--- What to work on ---
Only the lines below from the one with "Resin Storage Shed" through the one with "Modular reception desk" are to be written out, exactly and without any images.

--- Records ---

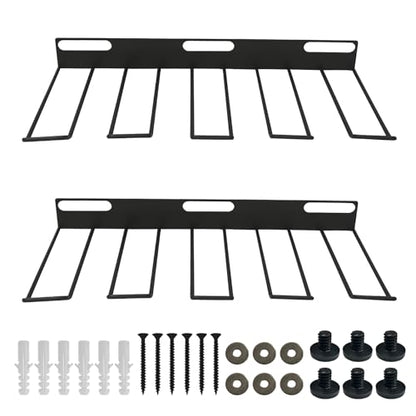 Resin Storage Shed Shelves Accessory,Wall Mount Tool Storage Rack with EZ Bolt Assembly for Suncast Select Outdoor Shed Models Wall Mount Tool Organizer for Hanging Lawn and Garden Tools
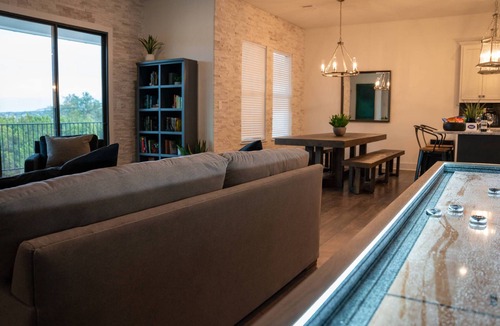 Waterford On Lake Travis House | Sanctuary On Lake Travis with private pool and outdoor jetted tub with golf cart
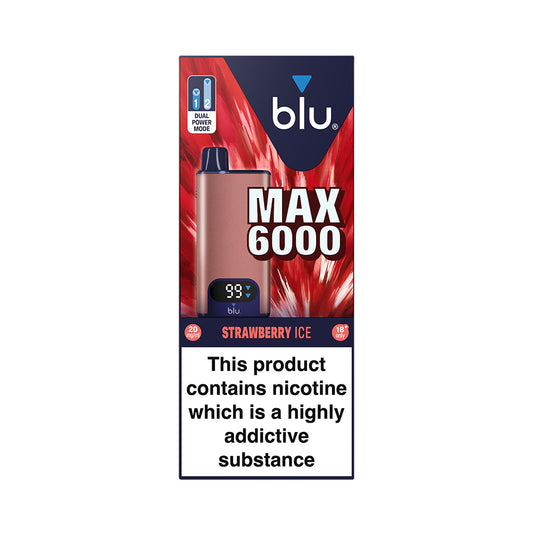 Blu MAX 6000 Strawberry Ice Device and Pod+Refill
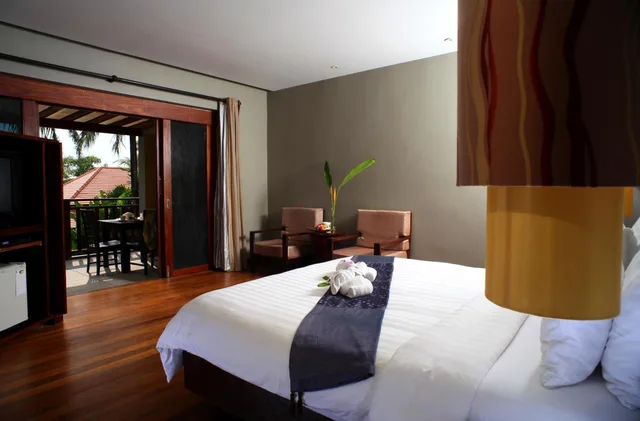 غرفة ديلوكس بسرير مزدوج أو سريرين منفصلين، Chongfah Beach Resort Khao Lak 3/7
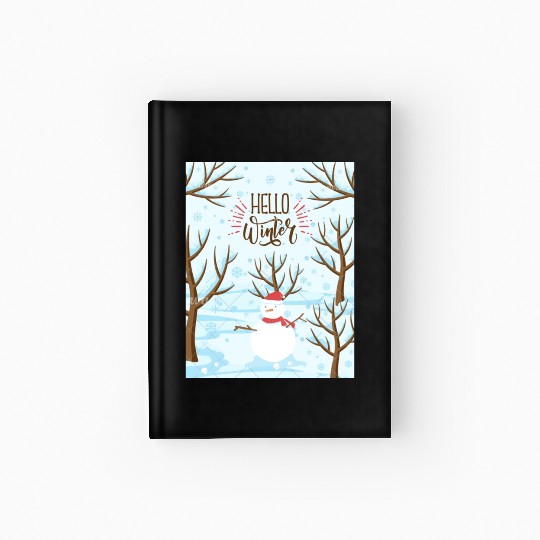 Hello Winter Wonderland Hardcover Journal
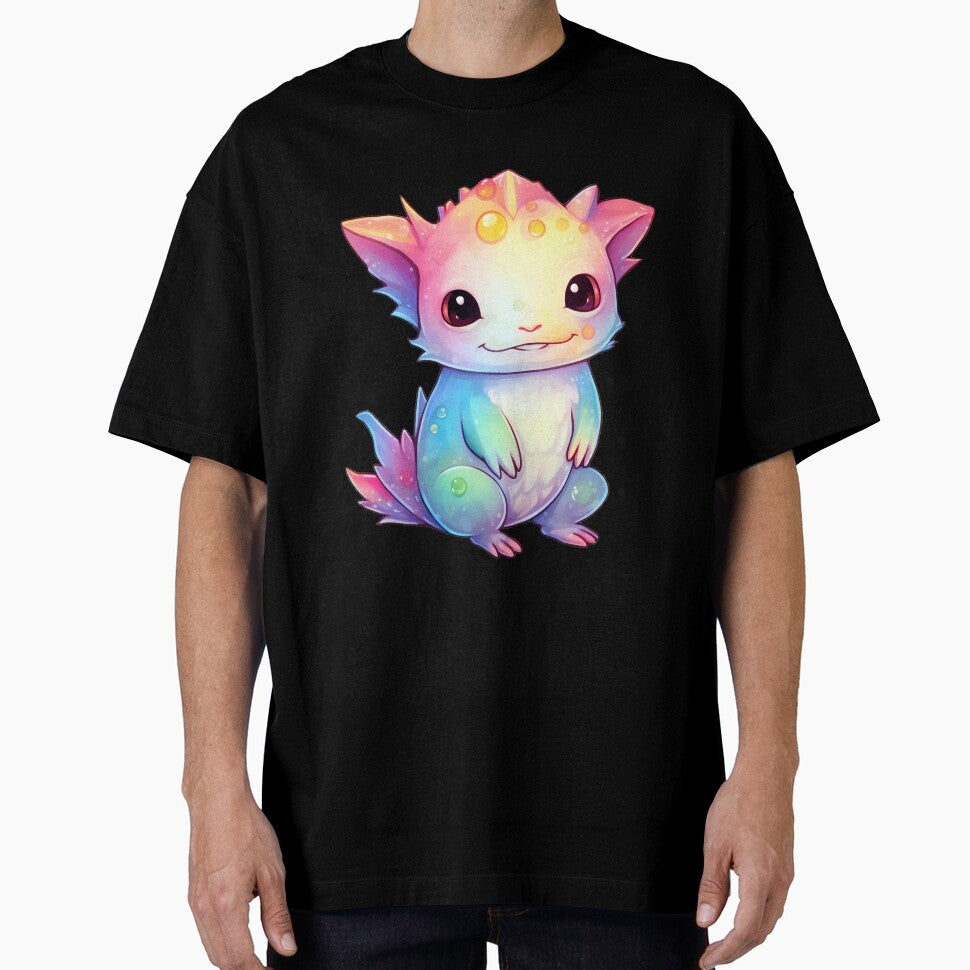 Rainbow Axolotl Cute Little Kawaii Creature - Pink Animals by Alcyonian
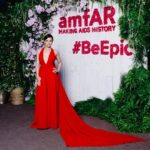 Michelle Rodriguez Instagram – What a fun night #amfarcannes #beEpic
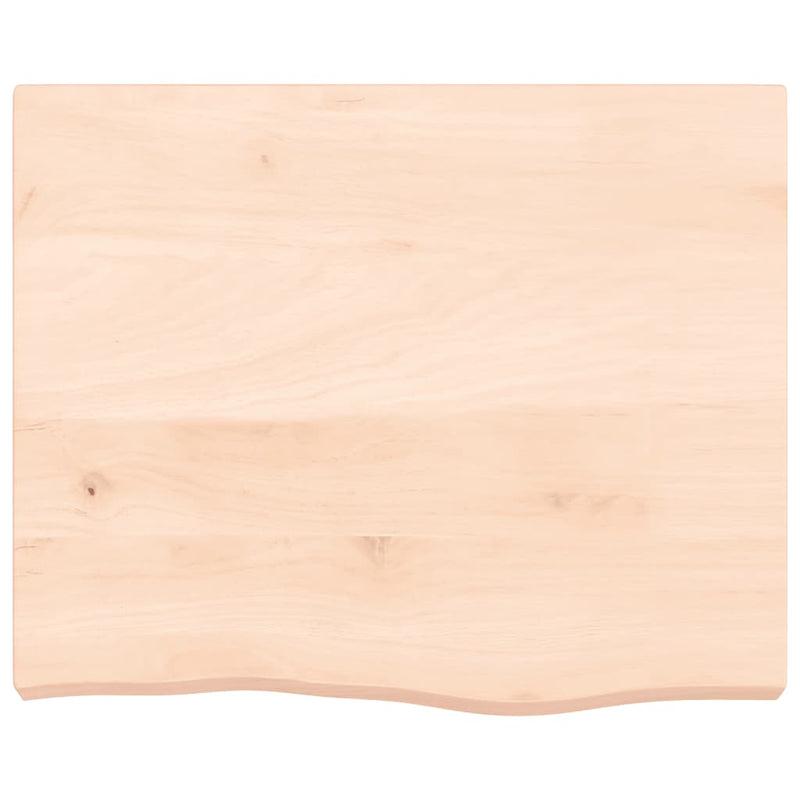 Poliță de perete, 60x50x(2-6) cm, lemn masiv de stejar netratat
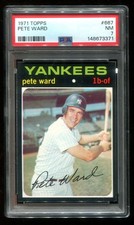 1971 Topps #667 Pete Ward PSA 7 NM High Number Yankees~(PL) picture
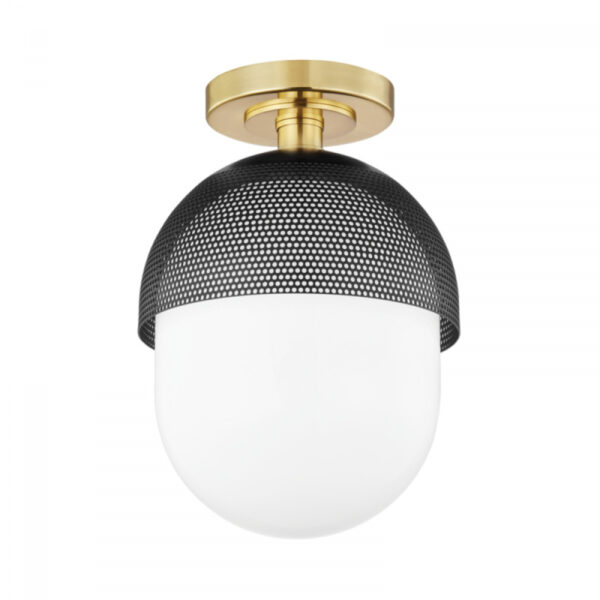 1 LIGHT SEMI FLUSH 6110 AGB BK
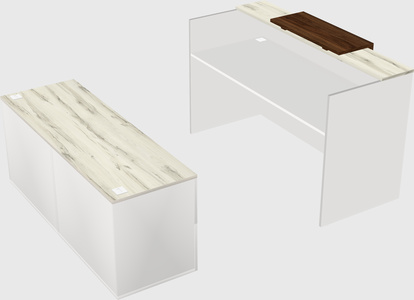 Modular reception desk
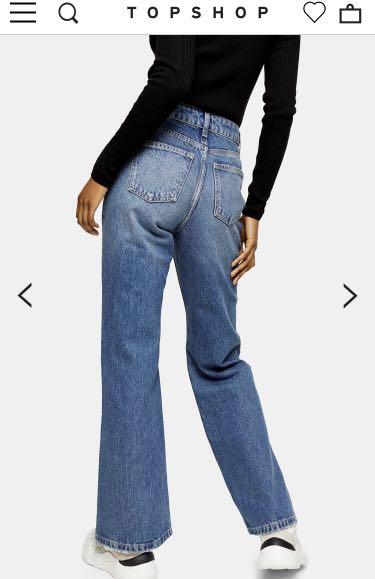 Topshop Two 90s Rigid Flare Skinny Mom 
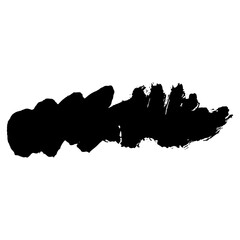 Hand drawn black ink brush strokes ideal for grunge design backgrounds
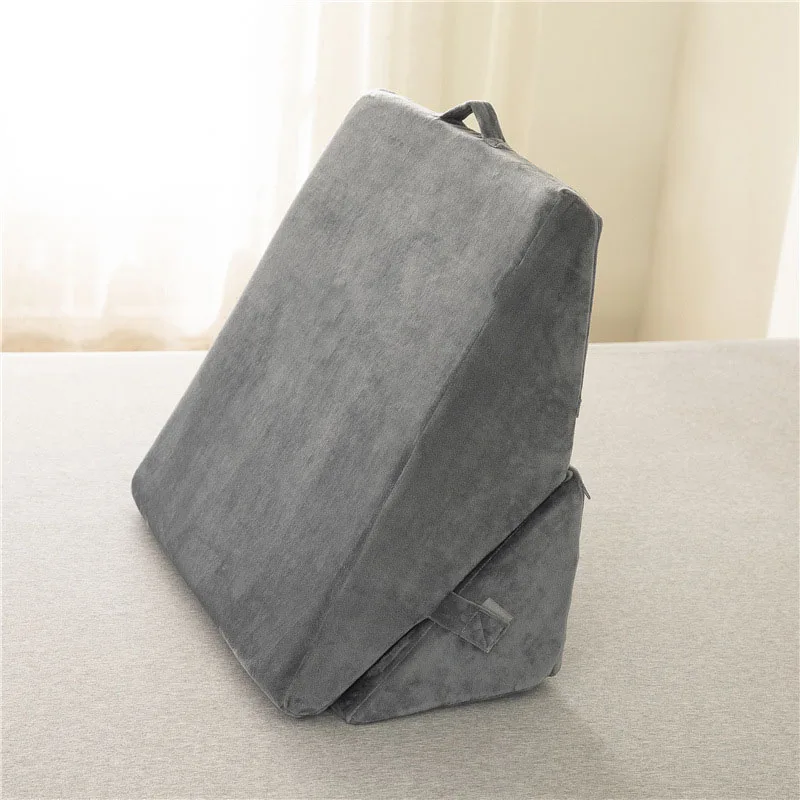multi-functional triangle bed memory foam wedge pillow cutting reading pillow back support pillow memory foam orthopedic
--
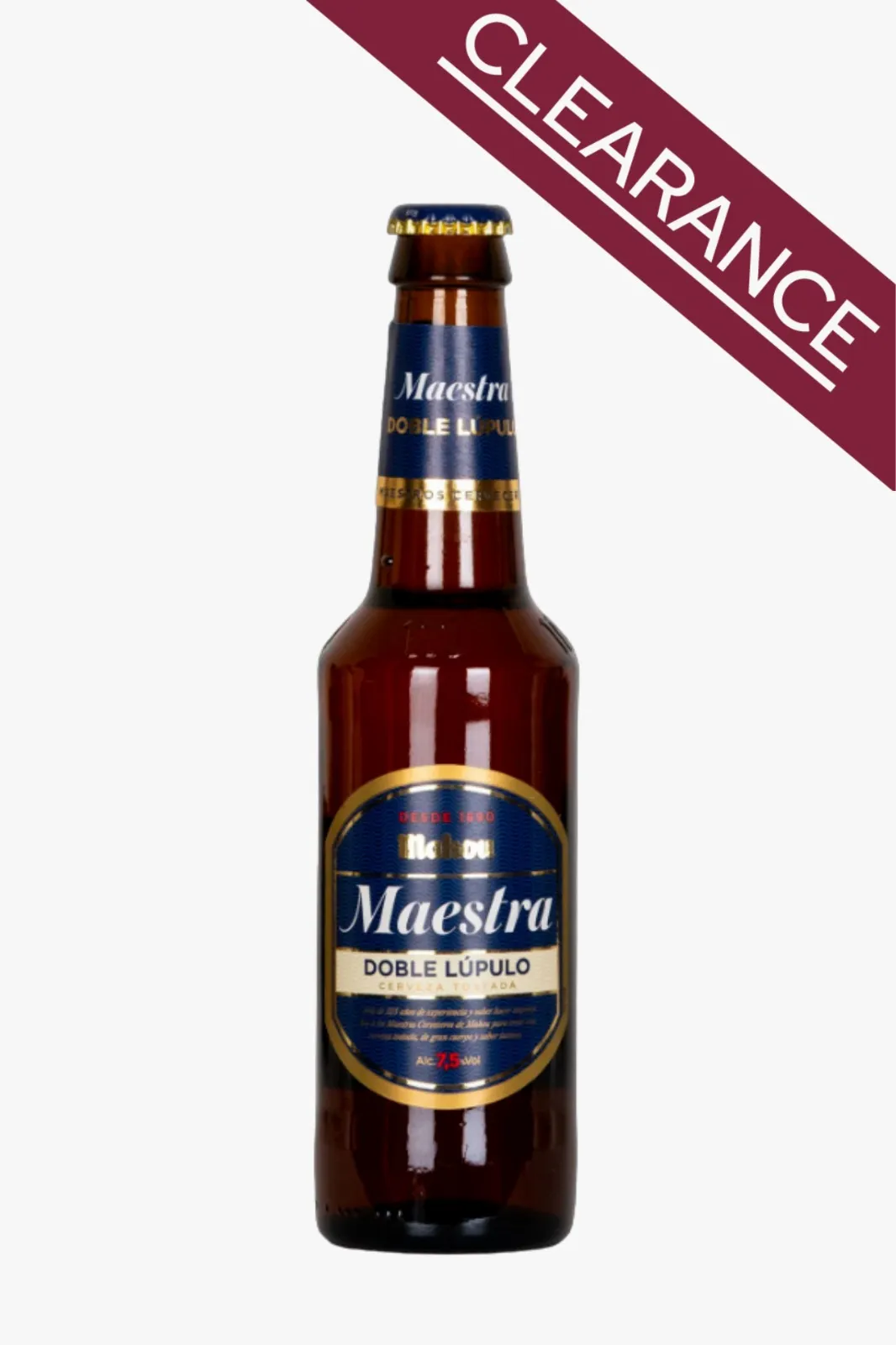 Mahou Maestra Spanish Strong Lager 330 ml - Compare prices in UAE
...
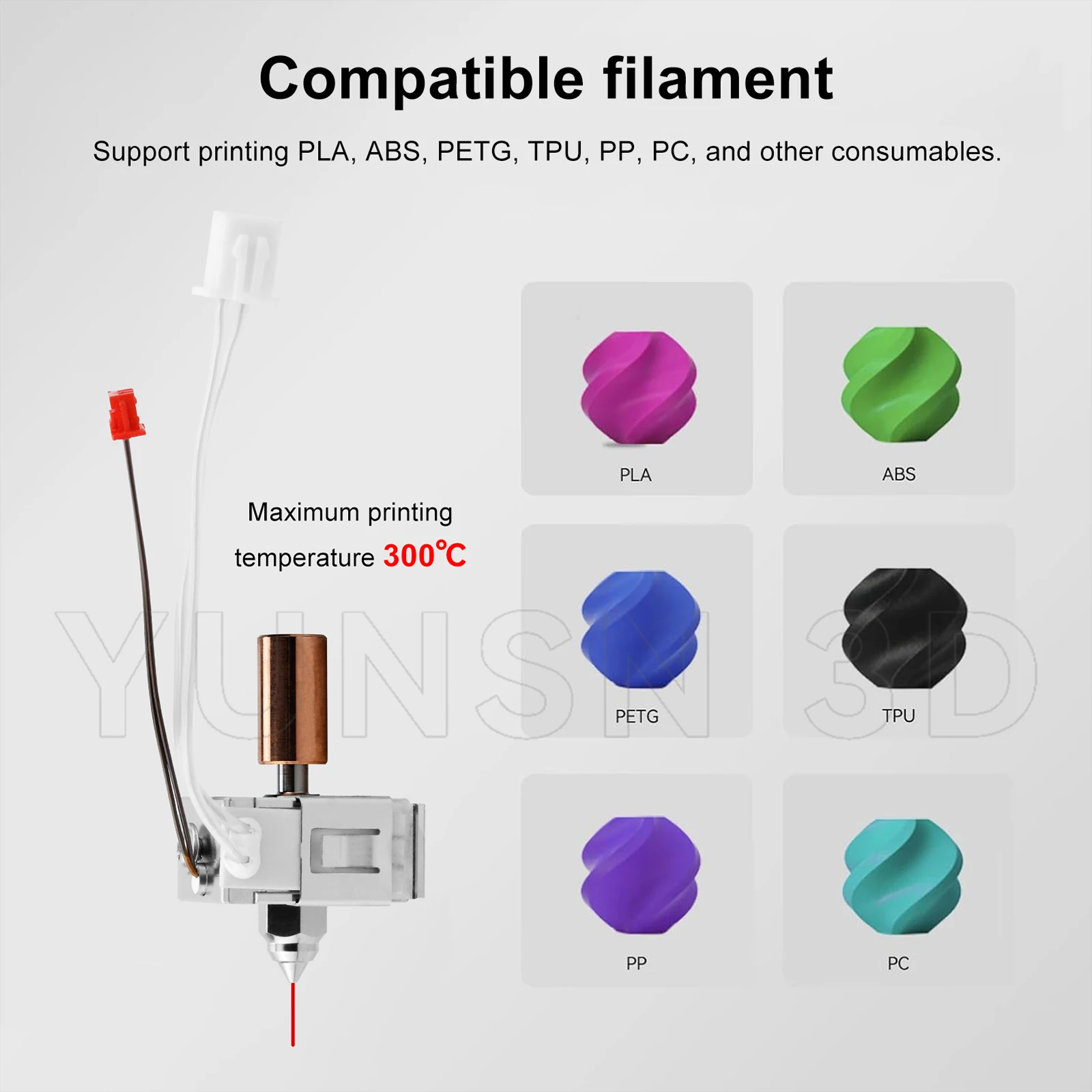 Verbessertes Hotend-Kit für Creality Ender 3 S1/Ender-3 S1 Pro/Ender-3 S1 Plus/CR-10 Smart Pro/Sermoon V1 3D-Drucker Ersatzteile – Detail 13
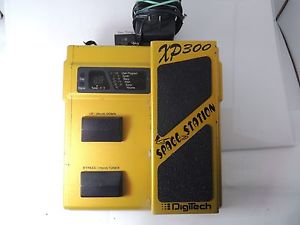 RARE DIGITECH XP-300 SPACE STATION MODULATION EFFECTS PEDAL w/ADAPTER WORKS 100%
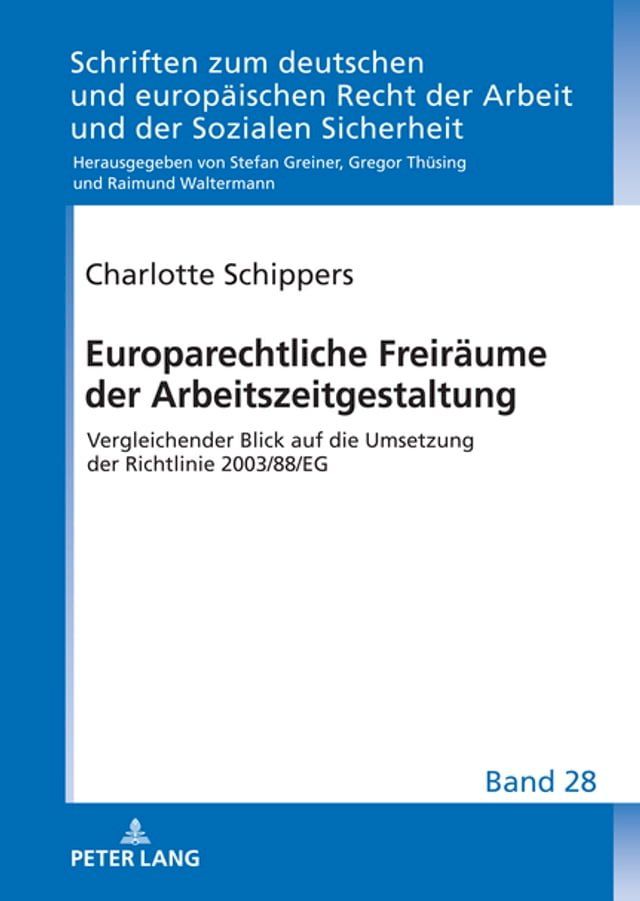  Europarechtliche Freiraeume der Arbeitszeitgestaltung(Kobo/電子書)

--- Result for this task ---
 Resin Storage Shed Shelves Accessory,Wall Mount Tool Storage Rack with EZ Bolt Assembly for Suncast Select Outdoor Shed Models Wall Mount Tool Organizer for Hanging Lawn and Garden Tools
 Waterford On Lake Travis House | Sanctuary On Lake Travis with private pool and outdoor jetted tub with golf cart
 Blu MAX 6000 Strawberry Ice Device and Pod+Refill
 غرفة ديلوكس بسرير مزدوج أو سريرين منفصلين، Chongfah Beach Resort Khao Lak 3/7
 Hello Winter Wonderland Hardcover Journal
 Rainbow Axolotl Cute Little Kawaii Creature - Pink Animals by Alcyonian
 Michelle Rodriguez Instagram – What a fun night #amfarcannes #beEpic
 Poliță de perete, 60x50x(2-6) cm, lemn masiv de stejar netratat
 1971 Topps #667 Pete Ward PSA 7 NM High Number Yankees~(PL) picture
 1 LIGHT SEMI FLUSH 6110 AGB BK
 Modular reception desk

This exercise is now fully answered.